(TASK GOAL) Your output should be the lines below from the one with "Image 1 of Französischer" through the one with "PEACE MOMENT 피스모먼트", copied exactly, pictures excluded.

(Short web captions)
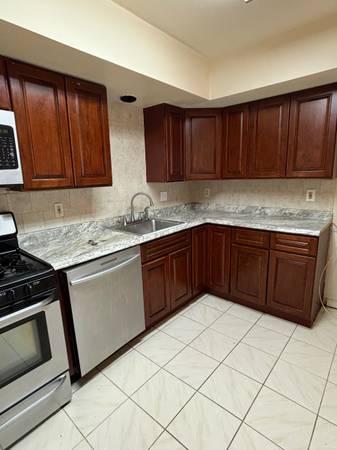 Beautiful 2-Bedroom Condo/2 Parking Spaces 1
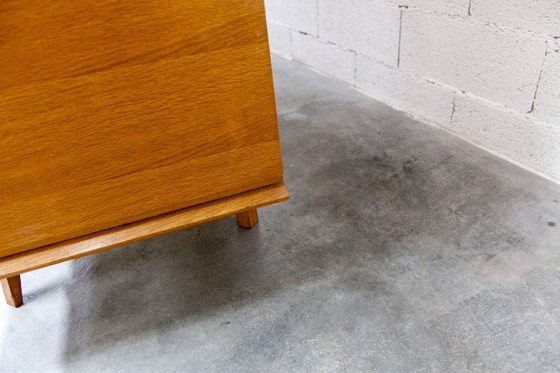 Image 1 of Französischer Kleiderschrank mit geschwungenen Beinen, 3 Türen, 1 Spiegel (27 x 130 cm) und 1 Schublade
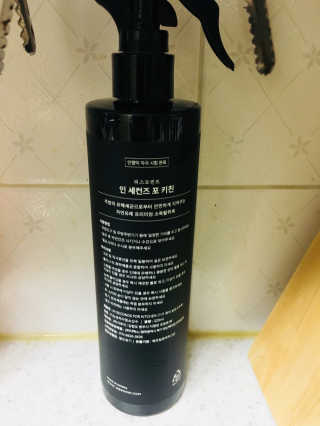 PEACE MOMENT 피스모먼트 인세컨즈포키친 320mL 천연살균소독제 — 4점을 준 리뷰어가 2019년 2월 올린 사용 사진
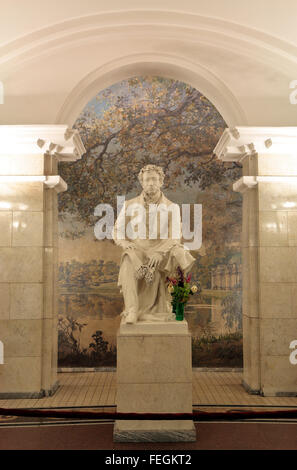 Eine Statue von Puschkin in der Puschkinskaja Metro Station in Sankt Petersburg, Russland. Stockfoto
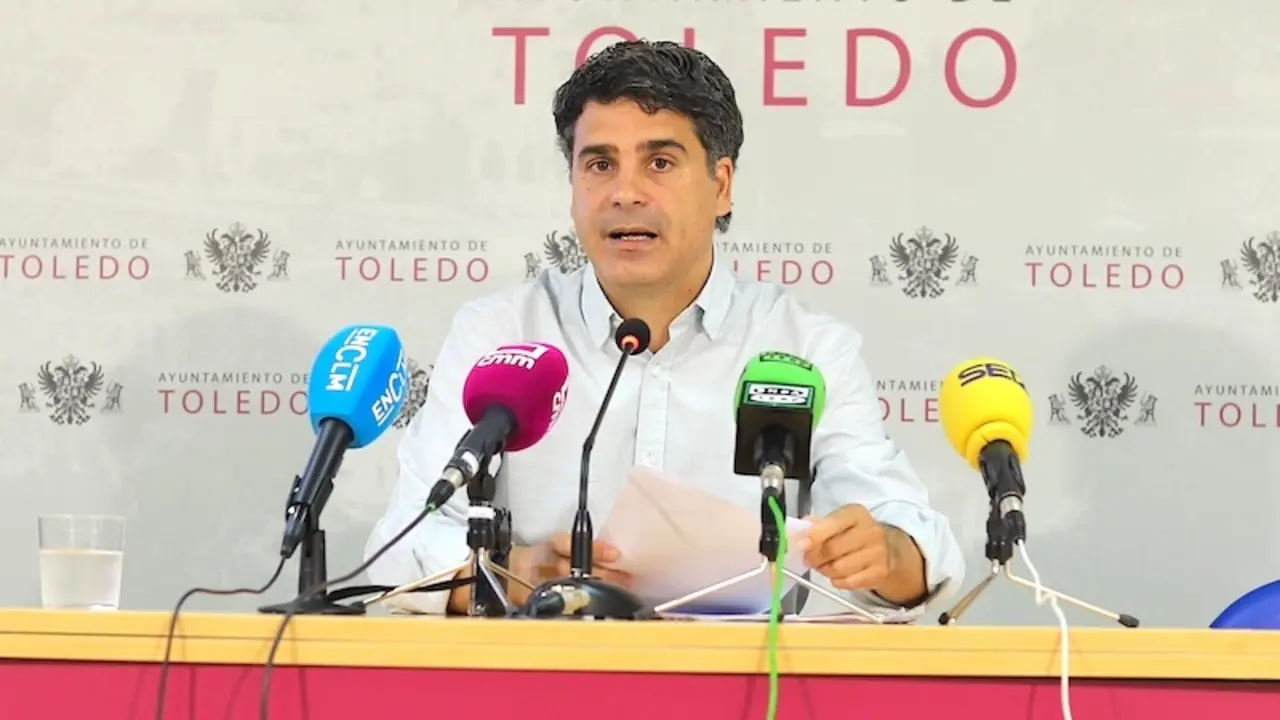 El portavoz del equipo de Gobierno del Ayuntamiento de Toledo, Juan José Alcalde, durante la rueda de prensa que ha ofrecido en el Consistorio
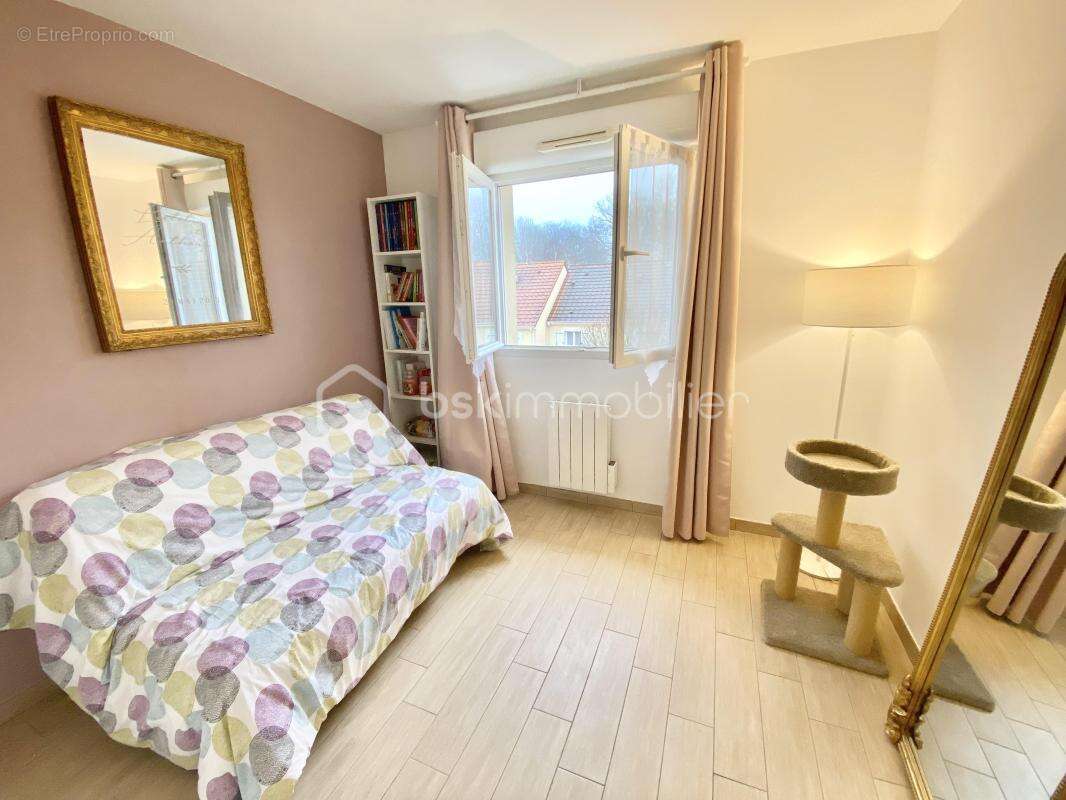 Appartement à ROISSY-EN-BRIE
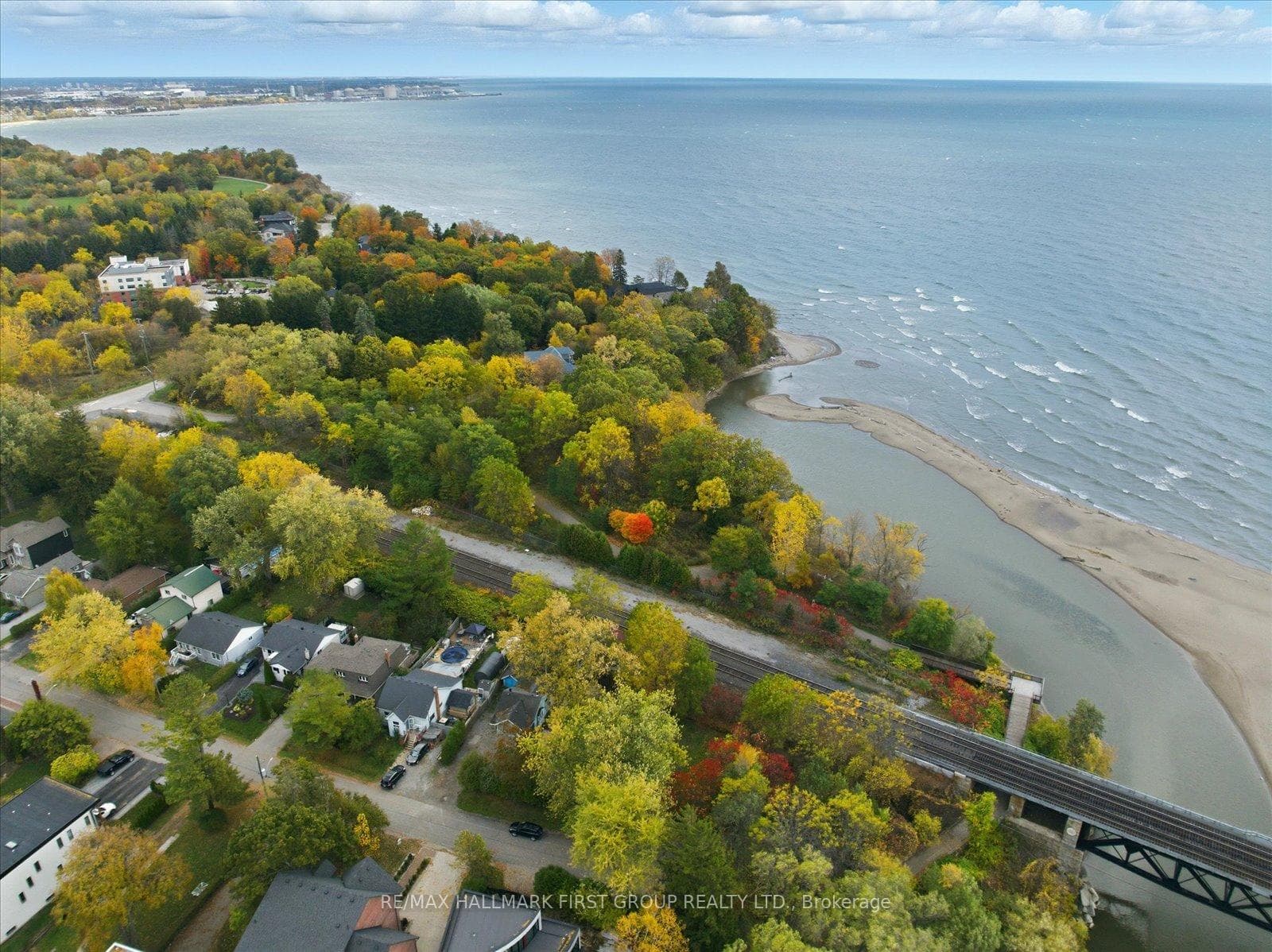 313 Dyson Road, Pickering, ON L1W 2N1 - Photo 1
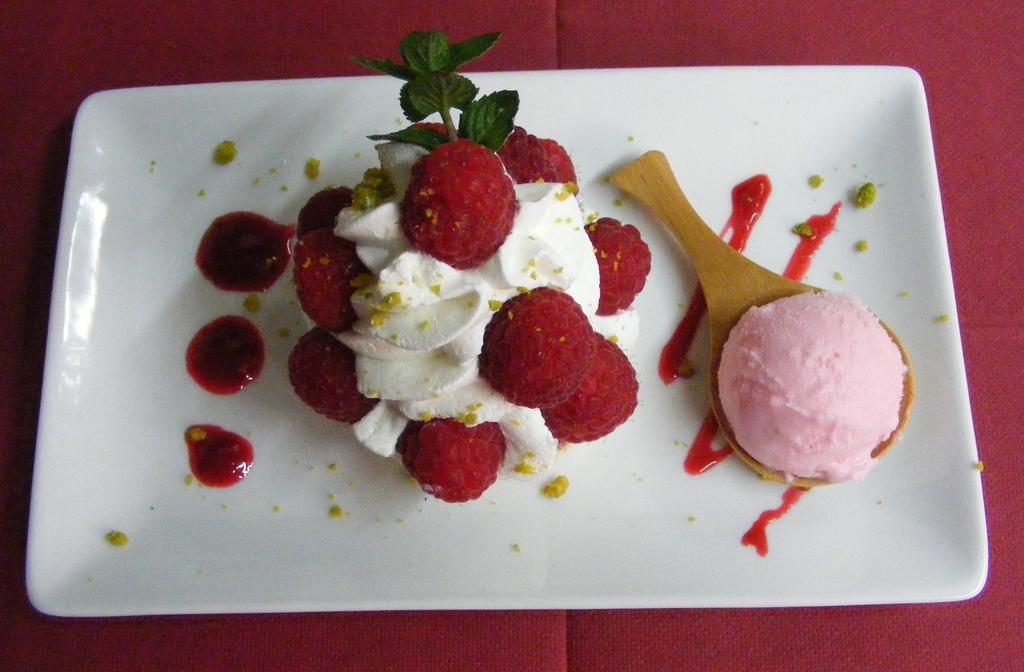 Hotel-Restaurant Les Colonnades Saint-Fulgent 외부 사진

(ANSWER TO THIS EXERCISE)
 Image 1 of Französischer Kleiderschrank mit geschwungenen Beinen, 3 Türen, 1 Spiegel (27 x 130 cm) und 1 Schublade
 PEACE MOMENT 피스모먼트 인세컨즈포키친 320mL 천연살균소독제 — 4점을 준 리뷰어가 2019년 2월 올린 사용 사진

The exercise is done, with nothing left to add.